▶ What the exercise asks:
Every line from the one holding "Die königliche Prozession: Aides-De-Camp" through the one holding "Menschen zu Fuß" in the data below must be returned exactly, both ends included, with pictures left out and nothing else added.

▶ Information:
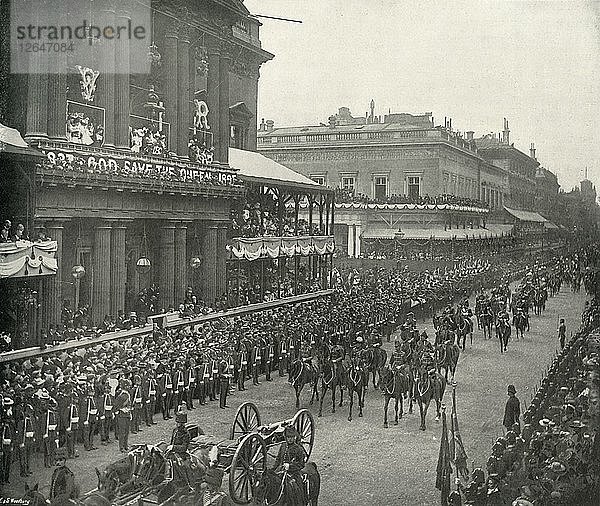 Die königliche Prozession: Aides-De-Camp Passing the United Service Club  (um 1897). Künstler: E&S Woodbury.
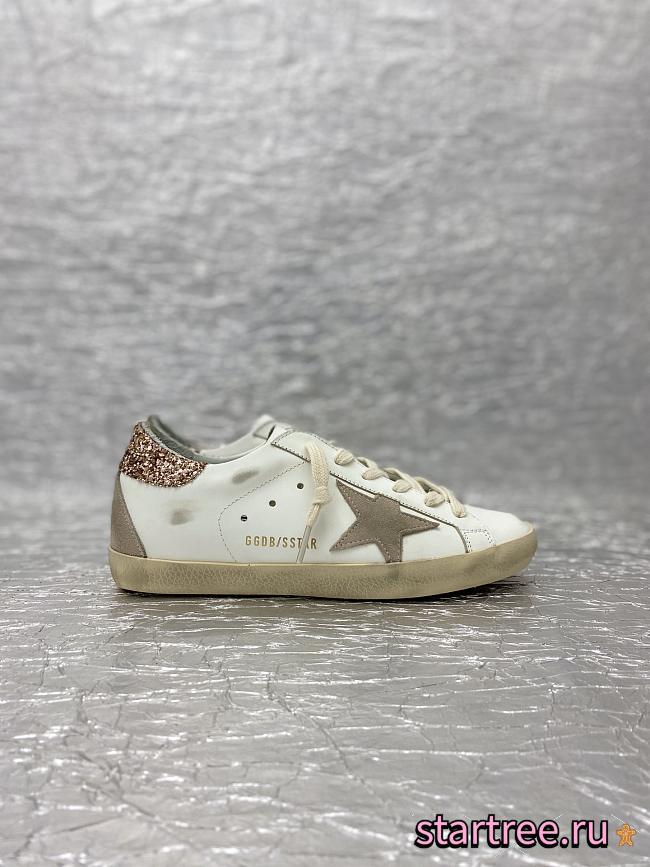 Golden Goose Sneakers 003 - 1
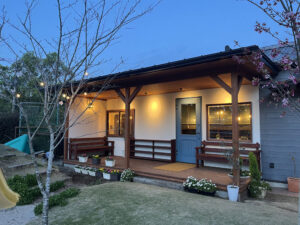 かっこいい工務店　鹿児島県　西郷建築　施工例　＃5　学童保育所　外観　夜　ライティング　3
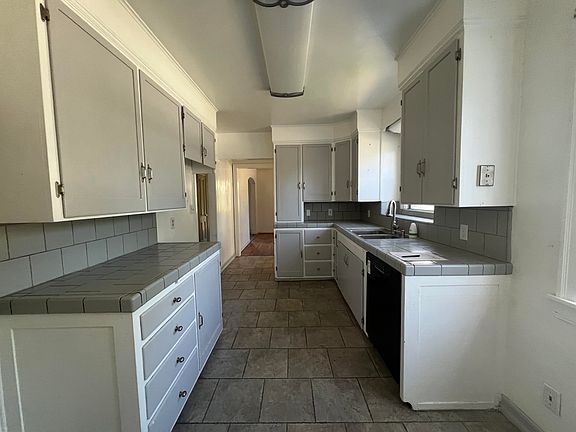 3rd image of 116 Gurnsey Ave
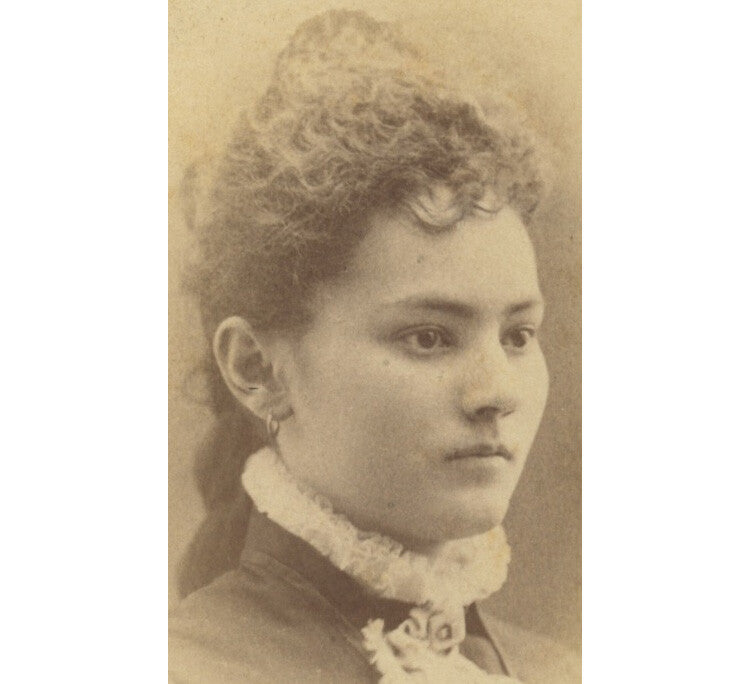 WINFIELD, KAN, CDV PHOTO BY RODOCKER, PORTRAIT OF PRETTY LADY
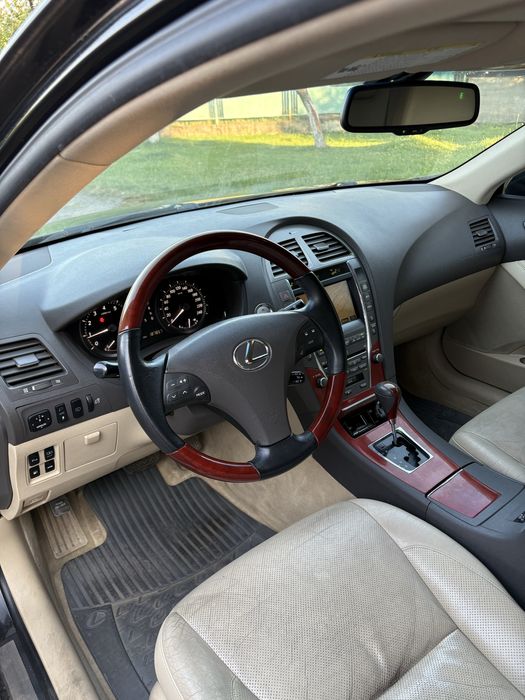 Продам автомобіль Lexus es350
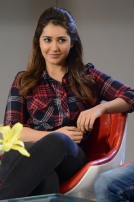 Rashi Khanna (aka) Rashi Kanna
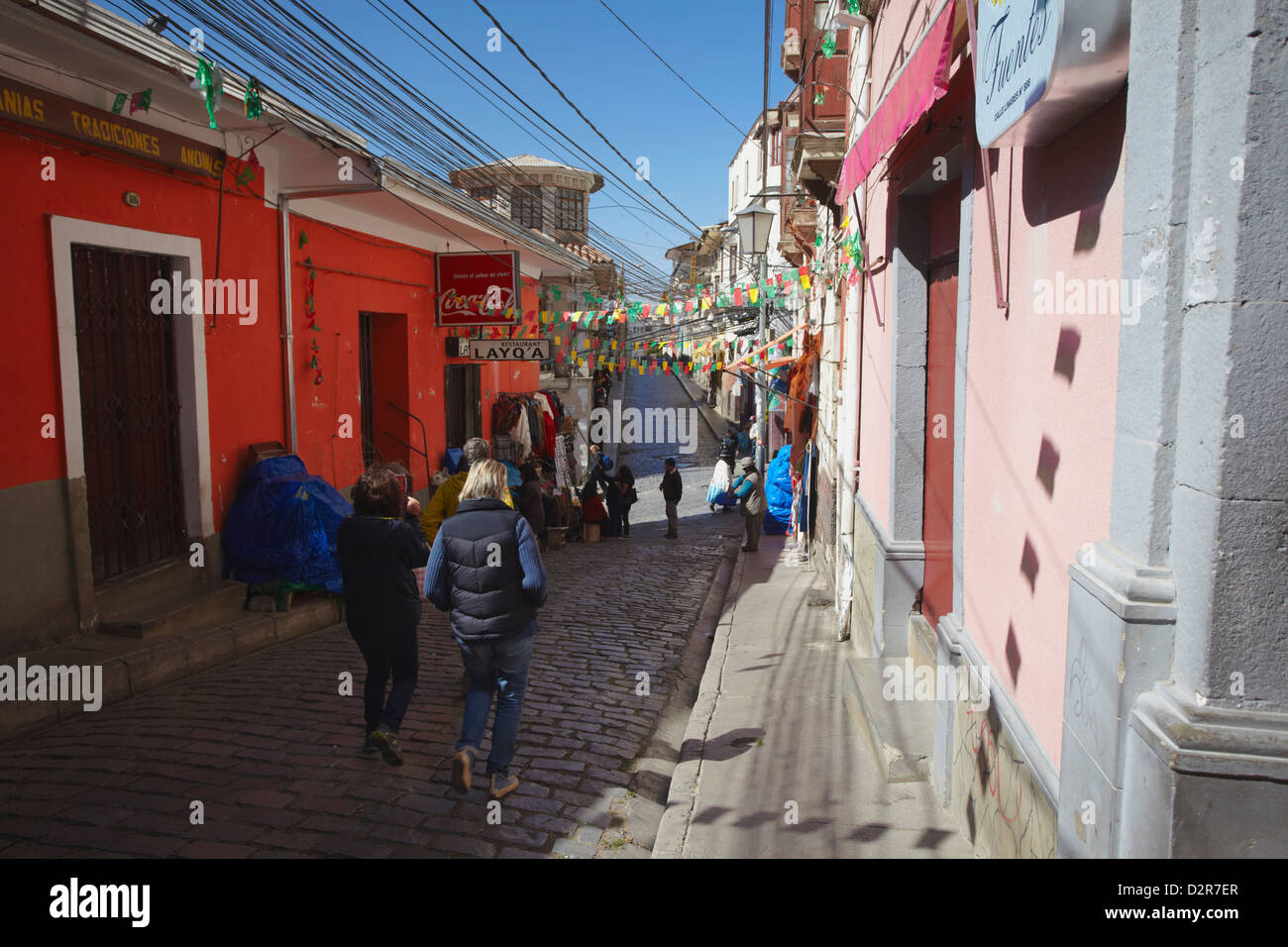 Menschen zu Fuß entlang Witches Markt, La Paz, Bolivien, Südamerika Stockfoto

---

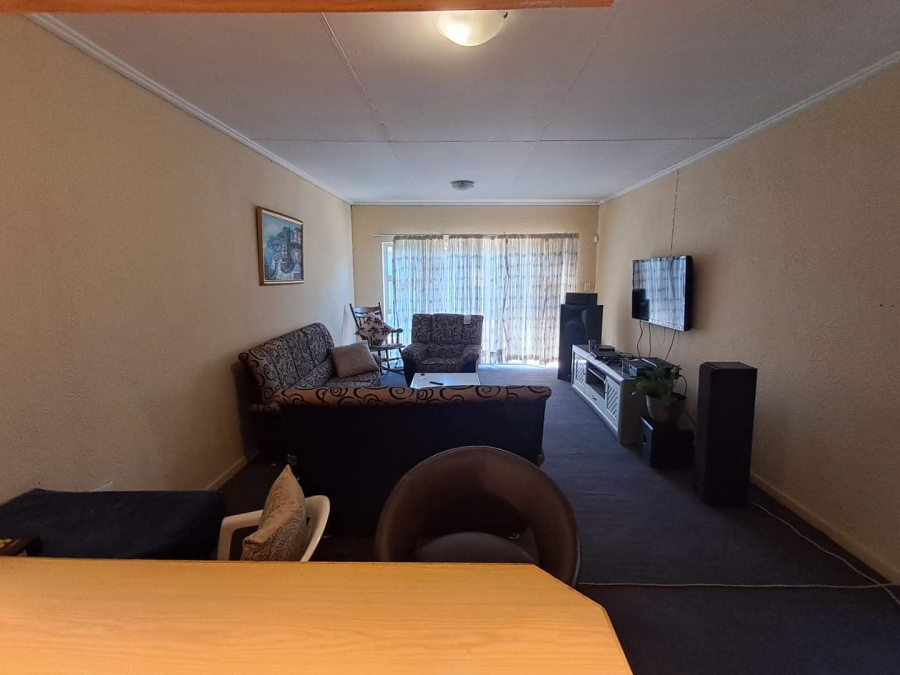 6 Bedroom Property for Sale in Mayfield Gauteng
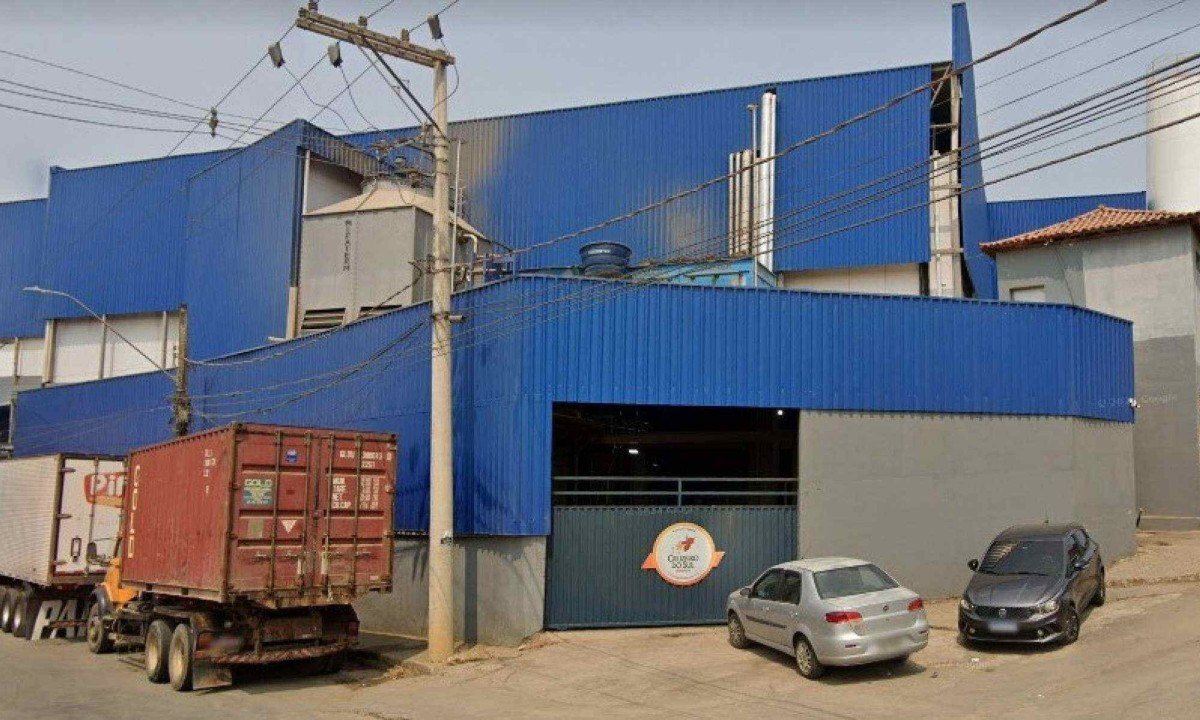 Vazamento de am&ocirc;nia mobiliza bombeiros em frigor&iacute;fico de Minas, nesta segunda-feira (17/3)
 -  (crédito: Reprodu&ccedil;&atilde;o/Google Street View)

* * *

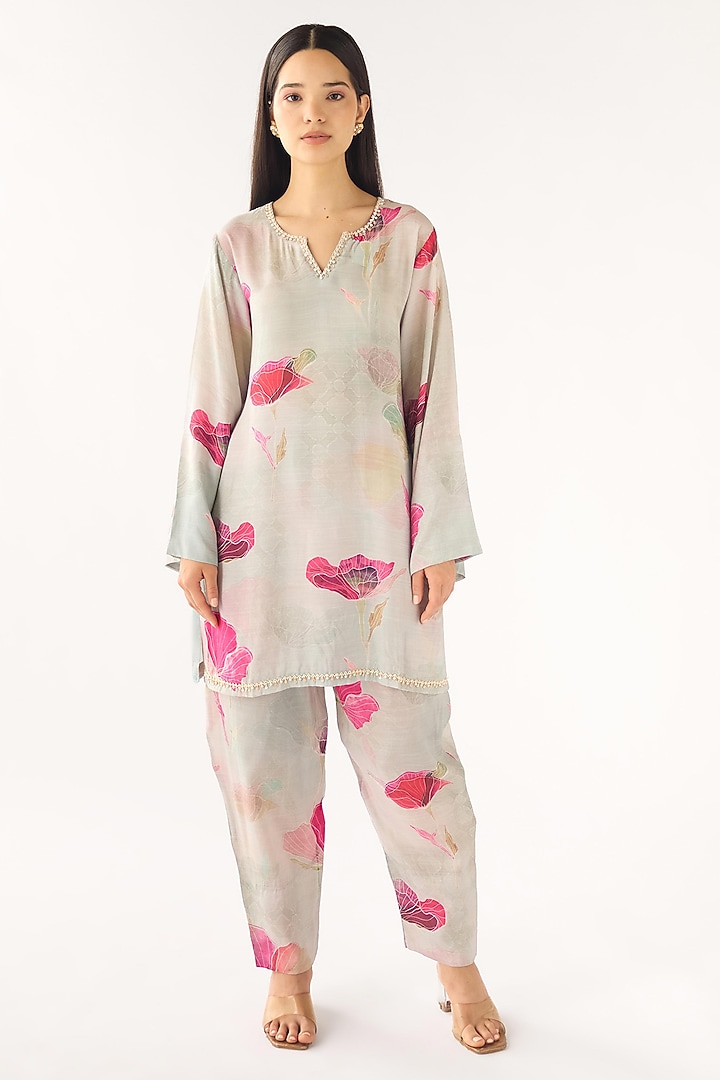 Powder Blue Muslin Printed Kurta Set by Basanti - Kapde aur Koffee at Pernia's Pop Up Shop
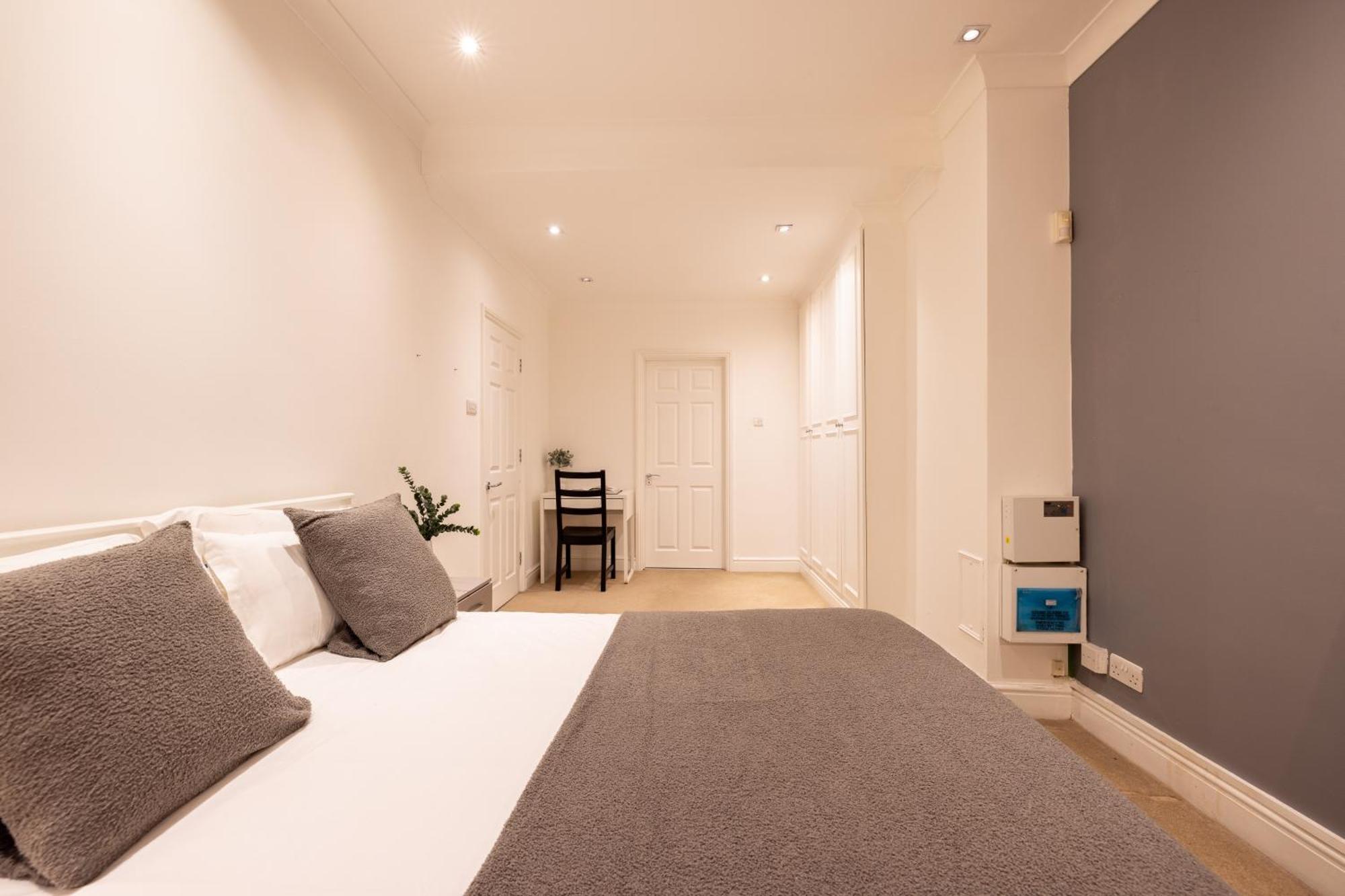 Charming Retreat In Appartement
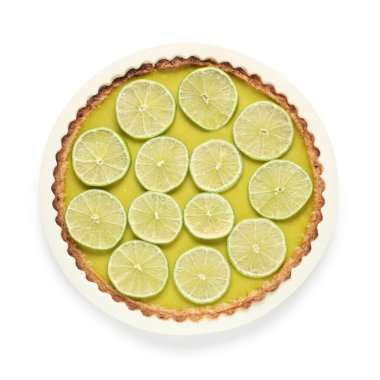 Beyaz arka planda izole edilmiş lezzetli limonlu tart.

▶ Result of the exercise:
 Die königliche Prozession: Aides-De-Camp Passing the United Service Club  (um 1897). Künstler: E&S Woodbury.
 Golden Goose Sneakers 003 - 1
 かっこいい工務店　鹿児島県　西郷建築　施工例　＃5　学童保育所　外観　夜　ライティング　3
 3rd image of 116 Gurnsey Ave
 WINFIELD, KAN, CDV PHOTO BY RODOCKER, PORTRAIT OF PRETTY LADY
 Продам автомобіль Lexus es350
 Rashi Khanna (aka) Rashi Kanna
 Menschen zu Fuß entlang Witches Markt, La Paz, Bolivien, Südamerika Stockfoto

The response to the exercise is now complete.